== Segment start ==

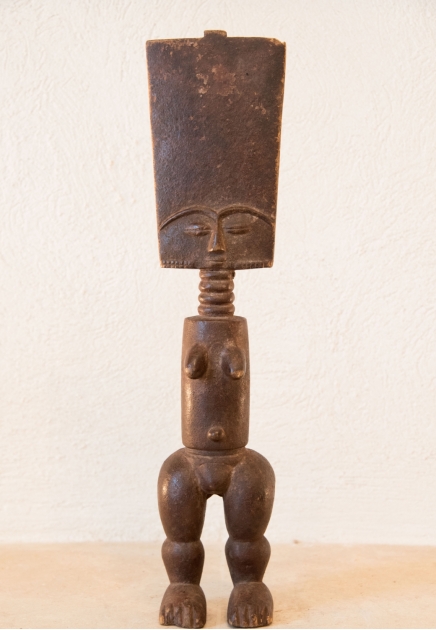 Akua'ba Fertility figure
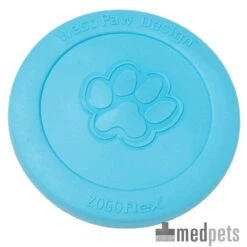 West Paw Zogoflex Zisc - Flying Disc 11 West Paw Zogoflex Zisc - Flying Disc -Honden Benodigdheden d24a84ea7631e87f7662de23acd61a5fe630be0c1912d75df02985cf17d0fbc8 3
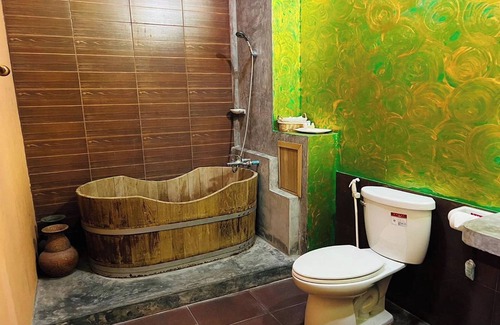 Pa Daet Hotel | Amethyst Hotel Chiang Mai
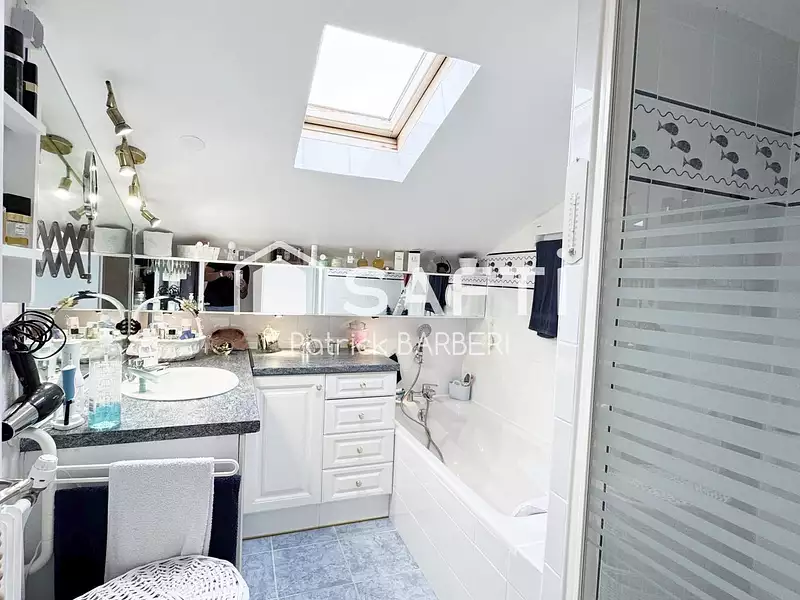 Appartement, 71 m²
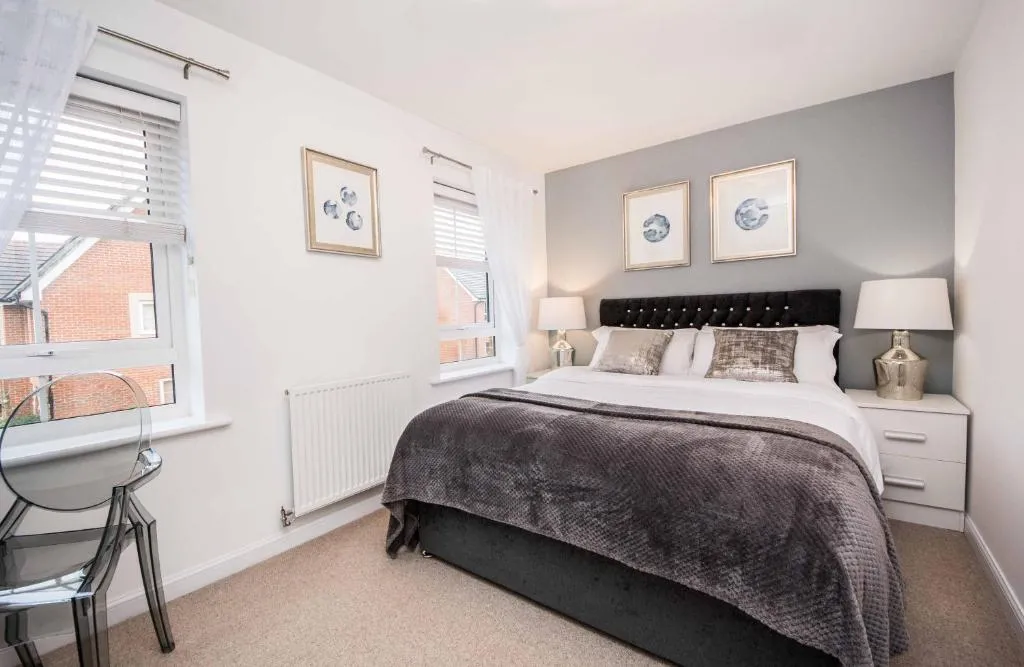 Cardinal Place Vittrum Suites, Southampton, Marea Britanie
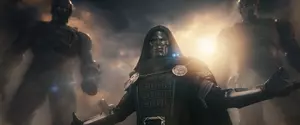 Doom Has An Army of Sentinels in the New ‘Avengers’ Trailer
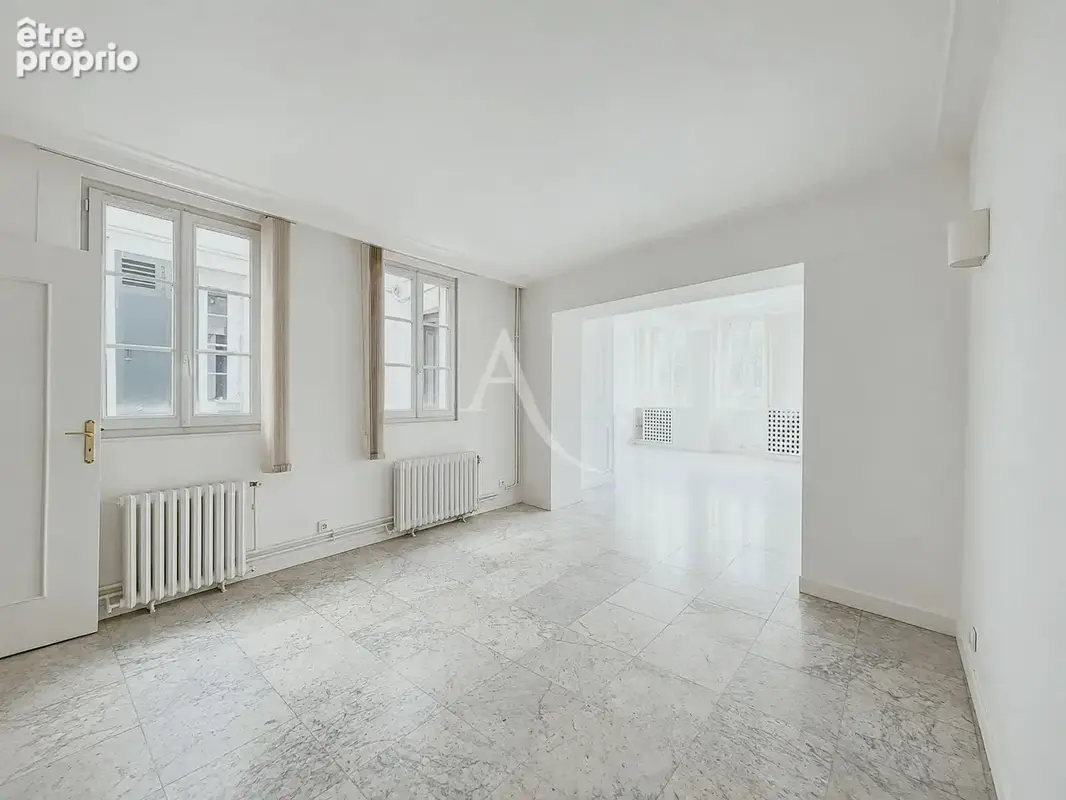 Maison de ville 6 pièces de 102.02 m² - Centre-ville de Saint-Germain-en-Laye - photo 17
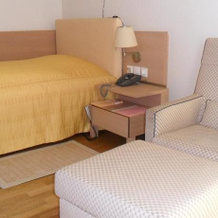 Sonnmatt Luzern Kurhotel Residenz, 卢塞恩 — 照片 2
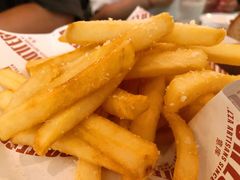 炸薯条-BOTTEGA意库(中骏世界城店)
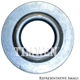 Purchase Top-Quality Pilot Bearing by TIMKEN - FC65662 pa2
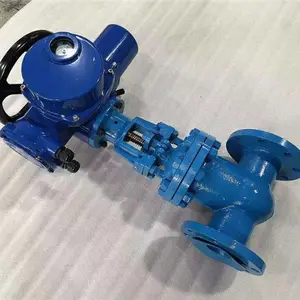 ������������բ�� Z941H-25C DN80 �綯�жϷ� �ֵ����� ��������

== Segment end ==

• [WORK TO BE COMPLETED] Beginning with the first line of the entries above, repeat each line word for word until the line with "Maison de ville" has been given too. Omit the pictures.

• [EXERCISE ANSWER]
 Akua'ba Fertility figure
 West Paw Zogoflex Zisc - Flying Disc 11 West Paw Zogoflex Zisc - Flying Disc -Honden Benodigdheden d24a84ea7631e87f7662de23acd61a5fe630be0c1912d75df02985cf17d0fbc8 3
 Pa Daet Hotel | Amethyst Hotel Chiang Mai
 Appartement, 71 m²
 Cardinal Place Vittrum Suites, Southampton, Marea Britanie
 Doom Has An Army of Sentinels in the New ‘Avengers’ Trailer
 Maison de ville 6 pièces de 102.02 m² - Centre-ville de Saint-Germain-en-Laye - photo 17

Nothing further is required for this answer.